Exercise requirements: Repeat the listing exactly. Any picture in it should be left out of the copy.
##########
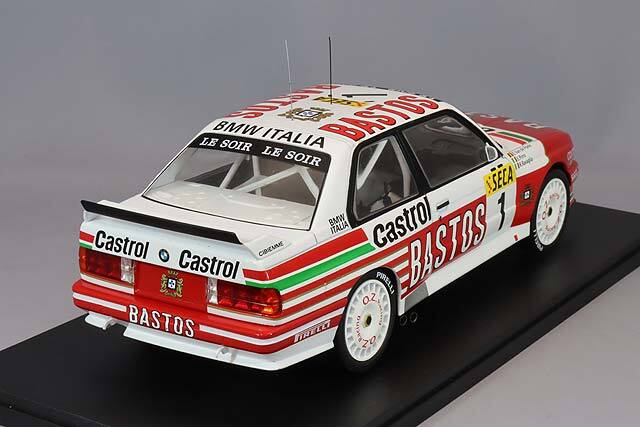 イクソ 1/18 BMW E30 M3 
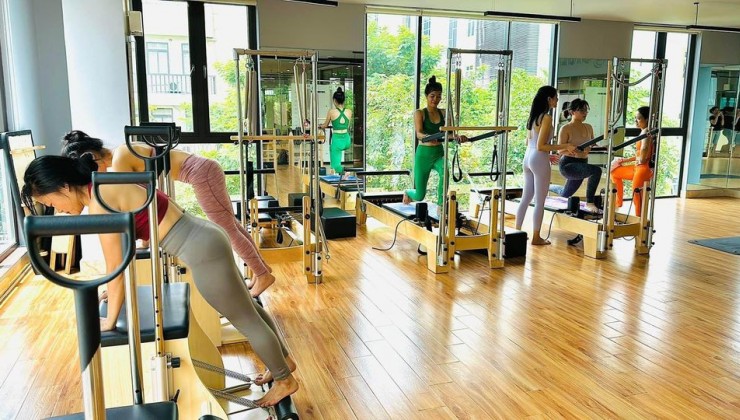 CHÍNH CHỦ CẦN SANG NHƯỢNG PHÒNG PILATES & YOGA Địa chỉ: Số 4 Phạm Tuấn Tài, Cầu Giấy, HN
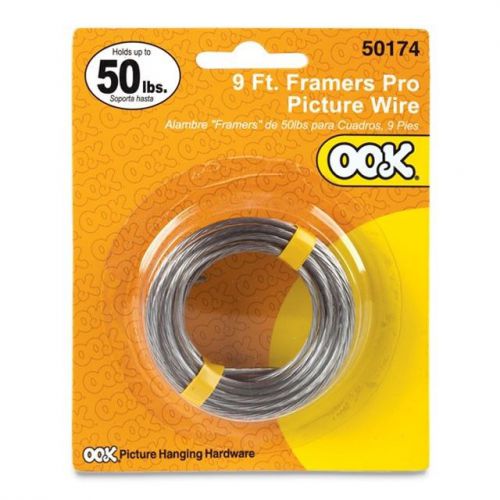Ook 9&#034; Hanging Wire 50Lb capacity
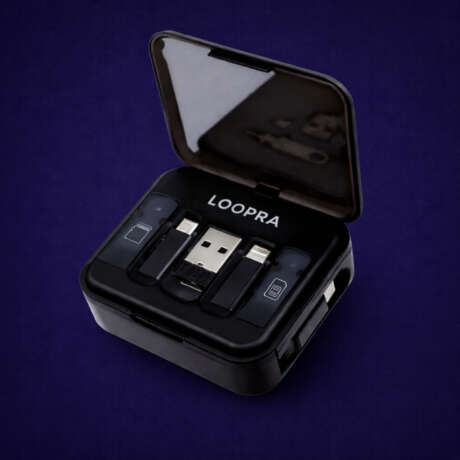 LOOPRA All-in-One Cable Adapter Kit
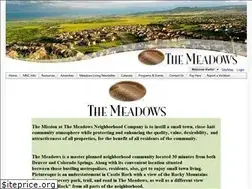 Sites similar to meadowslink.com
##########
Answer box:
 イクソ 1/18 BMW E30 M3 
 CHÍNH CHỦ CẦN SANG NHƯỢNG PHÒNG PILATES & YOGA Địa chỉ: Số 4 Phạm Tuấn Tài, Cầu Giấy, HN
Ook 9&#034; Hanging Wire 50Lb capacity
 LOOPRA All-in-One Cable Adapter Kit
 Sites similar to meadowslink.com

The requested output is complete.